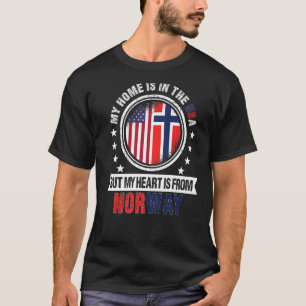 T-shirt American Norwegian Drapeau Heart de Norvège Améric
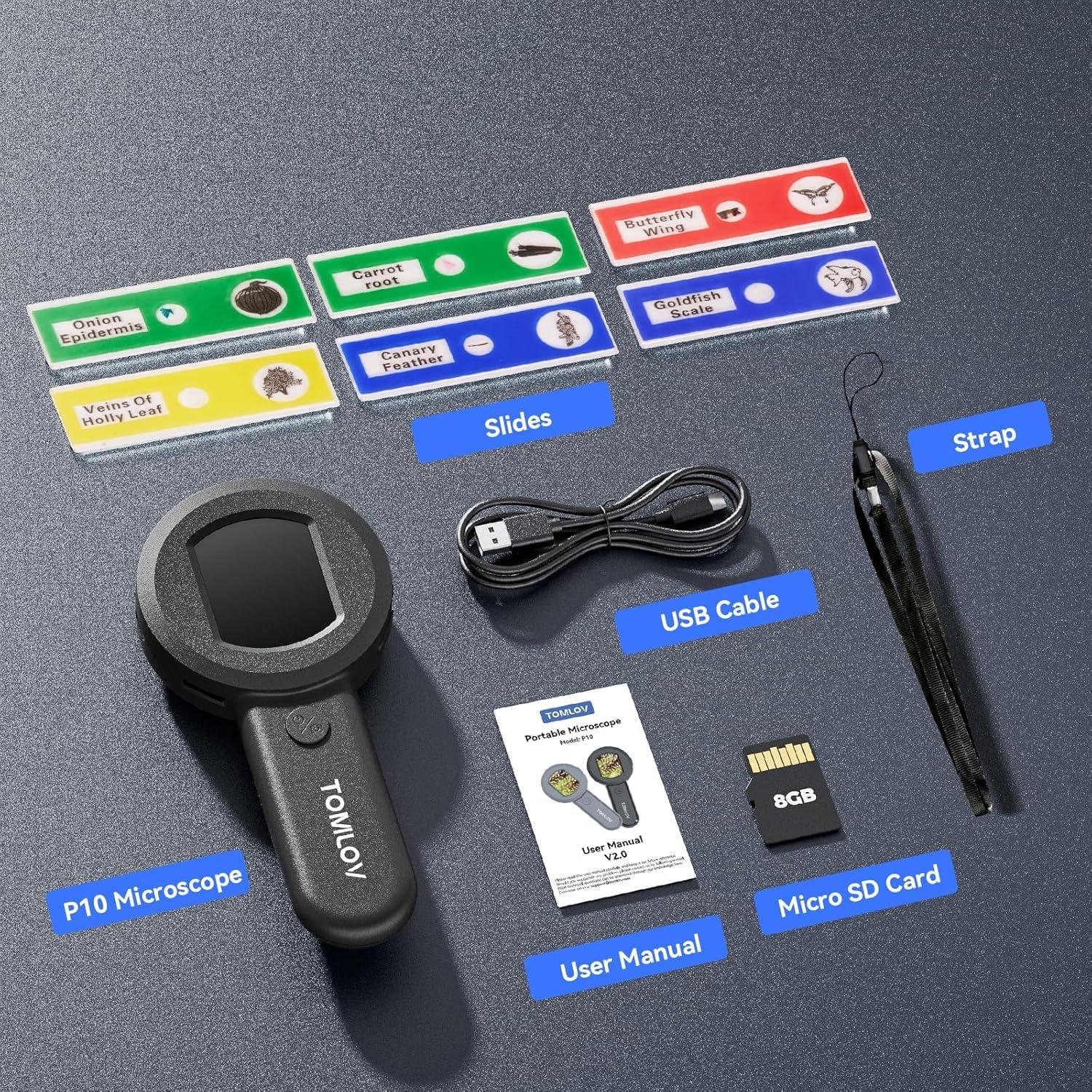 Microscopio Digital TOMLOV P10 100X con Pantalla LCD 2"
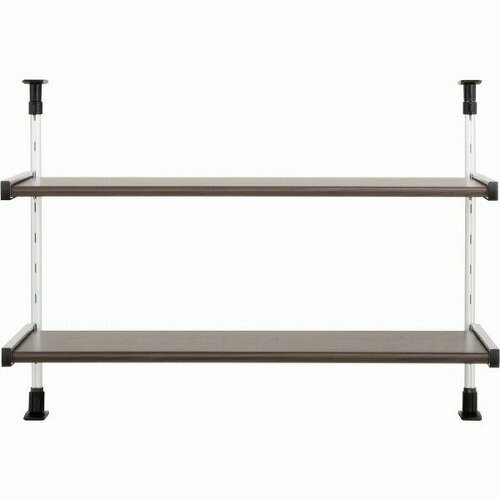 【LINEクーポン配布中】モクメタルつっぱり棚 2段 幅75cm 木目調 [MTP2-75] ラック 収納/パーテンション/戸棚下 キッチン/リビング/オフィス 簡単組立 田窪工業所 メーカー直送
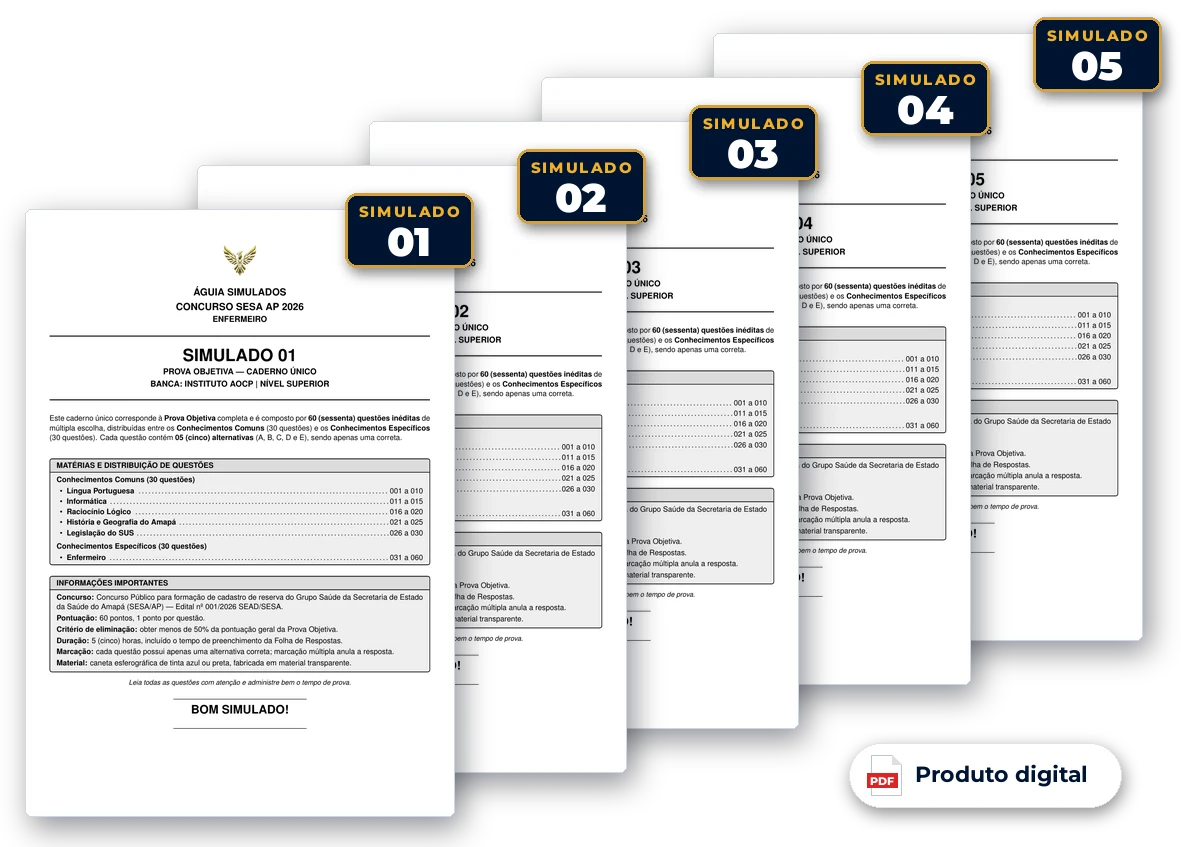 Capas dos Simulados 01 a 05 — Enfermeiro, SESA AP 2026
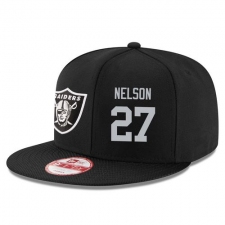NFL Oakland Raiders #27 Reggie Nelson Stitched Snapback Adjustable Player Hat - Black/Silver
□ □ □ □ □ □ □
* Exercise details
The material above must be reproduced line for line, with the images omitted.

* Result below
 T-shirt American Norwegian Drapeau Heart de Norvège Améric
 Microscopio Digital TOMLOV P10 100X con Pantalla LCD 2"
 【LINEクーポン配布中】モクメタルつっぱり棚 2段 幅75cm 木目調 [MTP2-75] ラック 収納/パーテンション/戸棚下 キッチン/リビング/オフィス 簡単組立 田窪工業所 メーカー直送
 Capas dos Simulados 01 a 05 — Enfermeiro, SESA AP 2026
NFL Oakland Raiders #27 Reggie Nelson Stitched Snapback Adjustable Player Hat - Black/Silver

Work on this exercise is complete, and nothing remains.